After further discussion at this past DrupalCon many agreed that developing a better core API for search is a good route to take because of the wide variety of uses that each website will have. A better search API will allow programmers and non-programmers to extend their search functionality with ease and without the risk of breaking the core drupal search functionality.

My other involvements in the Drupal community include contributing the Ubercart Coupons module, a module that connects the Wordfilter and Workflow-ng modules, contributing a few patches to allow user names to be searchable by the core search module, presenting at local group meetups and writing various mini tutorials on my blog.

AttachmentSize
Search Score Modifier Settings25.49 KB

Comments

This looks great to me, all

catch's picture

This looks great to me, all kinds of possibilities once it's in place.

Are you planning for the search index to pull ranking information in from modules when it indexes, or would all the ranking logic be done on search? The first causes issues for (a node could have 3 votes when first indexed, then voting api probably needs a way to tell the index that it's got 300 instead a week later), additional joins to get that sort of information directly whilst searching sounds a bit scary as well.

Thanks for the comments.

BlakeLucchesi's picture

Thanks for the comments. This is something I've considered, and the current search module actually uses joins to to do the current score modifications. I see an issue with doing joins with such an open interface. Allowing 10 different modules to modify scores, each of which adding their own columns would wreak havoc, not only that but we're also looking to support external engines which makes it impossible to do table joins.

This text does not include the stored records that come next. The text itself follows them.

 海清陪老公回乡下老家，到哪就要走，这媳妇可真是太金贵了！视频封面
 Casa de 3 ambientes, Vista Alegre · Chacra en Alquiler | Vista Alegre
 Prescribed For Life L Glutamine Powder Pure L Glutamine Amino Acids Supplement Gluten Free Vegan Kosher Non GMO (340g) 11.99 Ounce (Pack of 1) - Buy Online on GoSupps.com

I would like to see the score modifiers indexed, and possibly allow site administrators to determine how often they want the score modifiers updated (every cron run, every x days, etc). I realize that it may be a burden to run these score updates every night (or 10 times a night for really large websites), but I think that its a minor thing to perform to get the type of features and flexibility that the score modifier will provide.

I think in adding features to the search module we should also look at a way to queue nodes for re-indexing. As of 5.x the indexing of nodes was based on last updated timestamps. I think this has been changed in 6.x to allow a node to be flagged for indexing/re-indexing. I believe that having a system that works off of flags will be better because we could allow the voting api to flag a node for 'score indexing' after each vote, or the same with an ecommerce module. Perhaps we could work it so that score indexing and node content indexing are able to run in isolation. This would save cron overhead for nodes whose content doesn't change, no need to re-index the whole node when all that needs to be updated is scoring statistics.

-Blake

Custom Scoring Each node

jaffarcheckout's picture

We are building a customized Scoring module for the Apache Solr Results.

The Custom function reads:

function hook_apachesolr_modify_query(&$query, &$params, $caller) {
$params['bf'][] = "recip(rord(is_field_mytestval),1000,1000,1000)^200";
}

In the above function

we assigned score to this is_field_mytestval ....

There is so difference tin the results, the above Query doesnot get exact result.